In una vecchia, geniale storia di Martin Mystère, Alfredo Castelli immaginava l’esistenza di un siero che, iniettato, faceva vivere a velocità moltiplicata, i modo tale da fare sì che se per il proprio orologio interno fossero passati 3 giorni, per il mondo esterno ne fosse trascorso solo uno.
È una delle mi storie preferite, e ha un tributo di ispirazione ad un vecchio episodio di Star Trek, dove esisteva una razza aliena accellerata a punto tale da essere invisibile ad occhio umano.
La scorsa settimana, in sezione, è stata una giornata molto densa. C’è il congresso in vista, e si è discusso il documento programmatico. C’era da eleggere il nuovo coordinatore, dopo Mauro, che ha retto la sede per dodici anni. C’era da capire quale fosse la strategia per le prossime europee (col PD? Senza il PD?)
E c’era da promuovere un ritorno all’antico, separando il coordinamento metropolitano di nuovo tra cittadino e provinciale.
La sezione di SEL di Roma I (via Giannone) è molto viva. C’è viva partecipazione, e una grande capacità d’ascolto. E così è e sarà. Ma il problema fondamentale, al momento, è uno: manca l’educazione al movimentiamo vero. Noi ci si confronta tra di noi, le istanze del territorio sono in mano ai Grillini. Noi ci si conta e ci si incontra, ma sul territorio parliamo a titolo personale, perché è davvero difficile che ci sia una linea comune.

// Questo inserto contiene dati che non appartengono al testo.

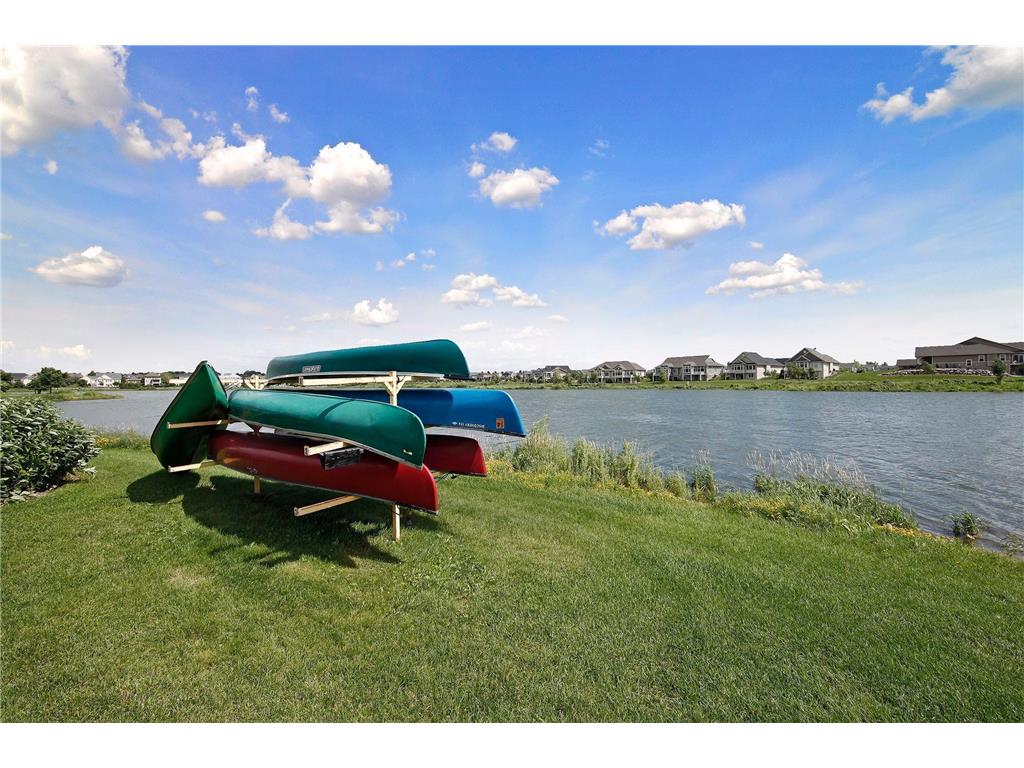 15452 Eames Way Apple Valley MN 55124 7034113 image63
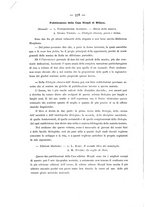 giornale/NAP0097368/1893/unico/00000616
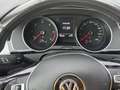Volkswagen Passat Passat Comfortline 2,0 TDI SCR DSG Comfortline Schwarz - thumbnail 13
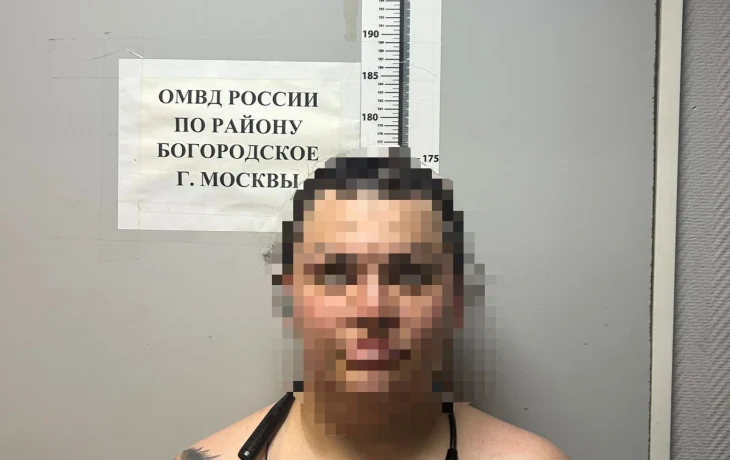 Курсы массажа: Якутянка стала жертвой мошенничества в Москве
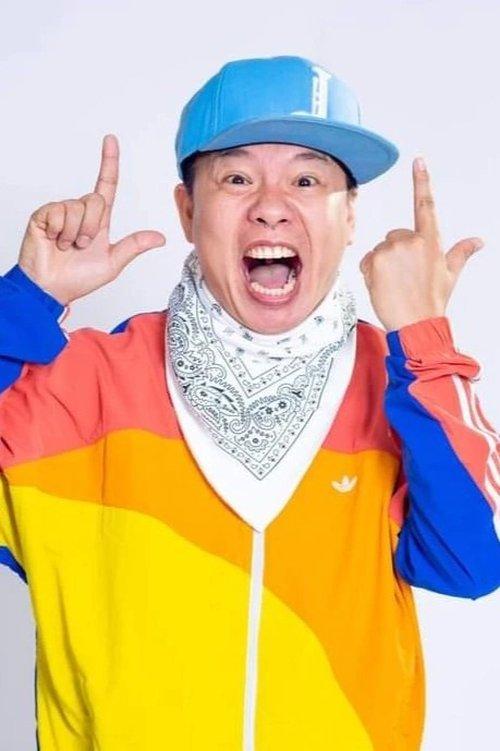 Jeffrey Tam fotoğrafı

Da un lato vengono prese decisioni bulgare, per un mero fatto pratico, ma dall’altro, quello della base, c’è un tale rispetto dell’alterità interna che spesso si cade nel fricchettonismo, cioè nella difficoltà a produrre una linea comune che sia a fuoco sul problema, in anticipo sui tempi e dettagliata nella produzione di ipotesi risolutorie.

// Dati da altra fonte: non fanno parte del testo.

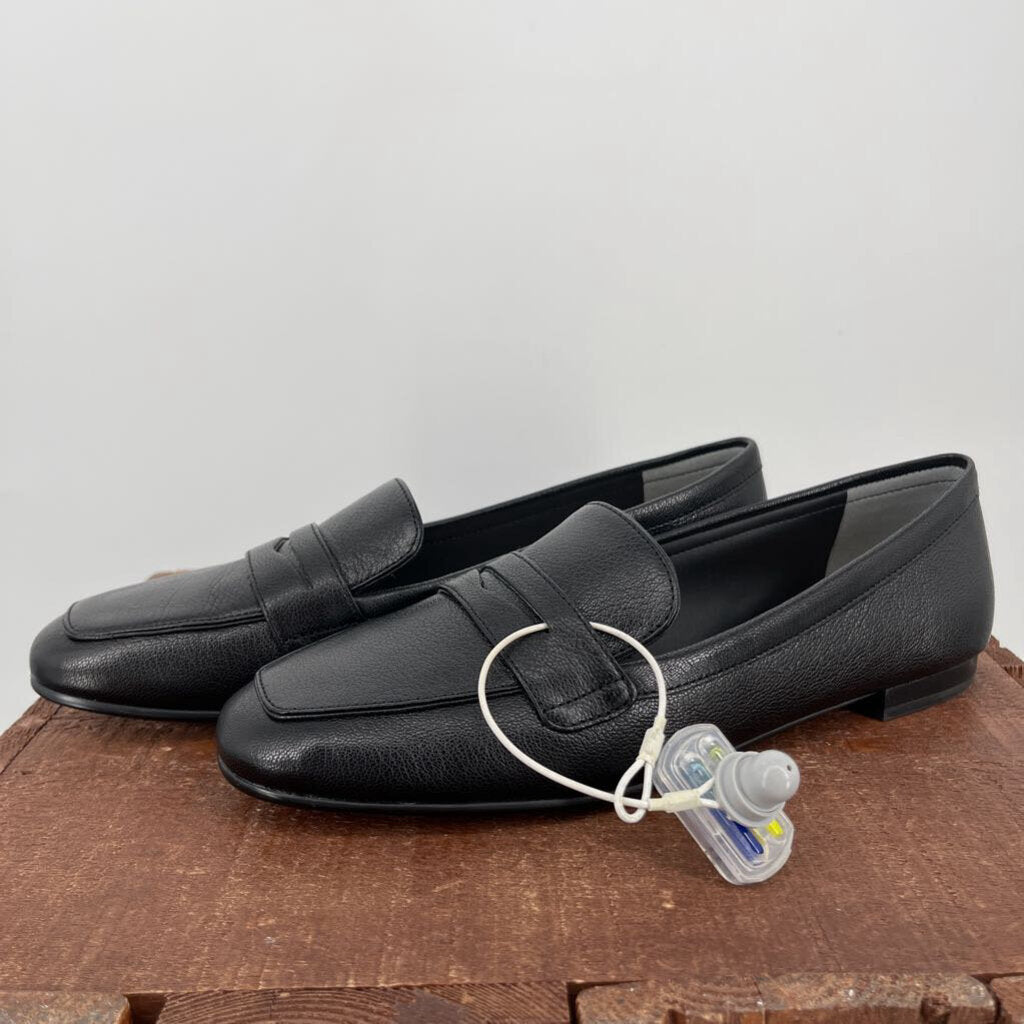 Stuart Weitzman Loafers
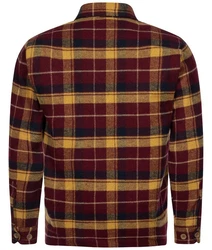 Rock Creek Windbreaker Jacke H-337 H-337
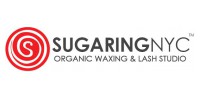 Sugaring NYC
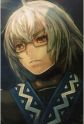 Morichika, Rinnosuke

Più vicino alla catena di comando reale arrivi, più ti rendi conto che il tecnicismo parlamentare e amministrativo sostituisce la visione politica. L’affare Vendola ne è una chiara dimostrazione: criticatissimo per la sua contiguità con Archinà – e quindi con gli interessi della famiglia Riva – ha argomentato con la difesa dei posti di lavoro. Il ché ci può anche stare, dato il ruolo, ma apre un vulnus nella tenuta delle istituzioni, quando cedono la loro terzietà e “lontananza” dal singolo caso in favore di una umanizzazione privatistica, comprensibile ma cancerosa. Vero, il sistema attuale ragiona così, ma allo stesso tempo concorre a farci percepire come parte integrante di una modalità che in realtà non ci appartiene affatto, e che sosteniamo proprio per la sua alterata; come dire, non rubiamo ma veniamo messi insieme ai ladri, perché “so’ amici nostri”. L’appiattimento sulle posizioni del PD ci ha fatto solo male. A parte l’incremento di tesseramenti dovuto all’avvicinarsi del congresso, siamo in costante perdita di consenso. Noi ne perdiamo, Grillo e l’astensione ne guadagnano.

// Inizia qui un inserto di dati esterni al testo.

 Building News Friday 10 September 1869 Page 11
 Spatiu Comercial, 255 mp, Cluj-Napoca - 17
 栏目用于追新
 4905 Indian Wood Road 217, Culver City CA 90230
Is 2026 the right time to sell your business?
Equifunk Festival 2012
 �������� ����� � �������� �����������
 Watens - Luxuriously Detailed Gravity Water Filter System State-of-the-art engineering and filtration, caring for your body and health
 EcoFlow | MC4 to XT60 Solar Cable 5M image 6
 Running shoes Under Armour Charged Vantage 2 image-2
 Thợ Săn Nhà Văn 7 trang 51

Una scelta di coerenza e di affermazione dell’identità collettiva, con il rischio di fare la fine di Ingroia. Questa è la strada. Il paese ha bisogno di una sinistra ricostruita, un maledetto bisogno; ma non è con i calcoli elettorali che riusciremo nell’intento. Solo attraverso l’effettiva canalizzazione dei problemi del territorio (ecologia, lavoro, debiti, costruzione della coesione) riusciremo a scollinare questa desertificazione politica e valoriale, no attraverso calcoli tecnici.
La storia di Martin Mystère partiva dalla necessità di guadagnare tempo. La scorciatoia (il siero) finiva per mandare in autocombustione chi lo utilizzava.
Cioè a dire: il tempo non si regala, le decisioni necessitano un processo lungo e definito, e le scorciatoie tecnocratiche bruciano. Hai capito, la metafora?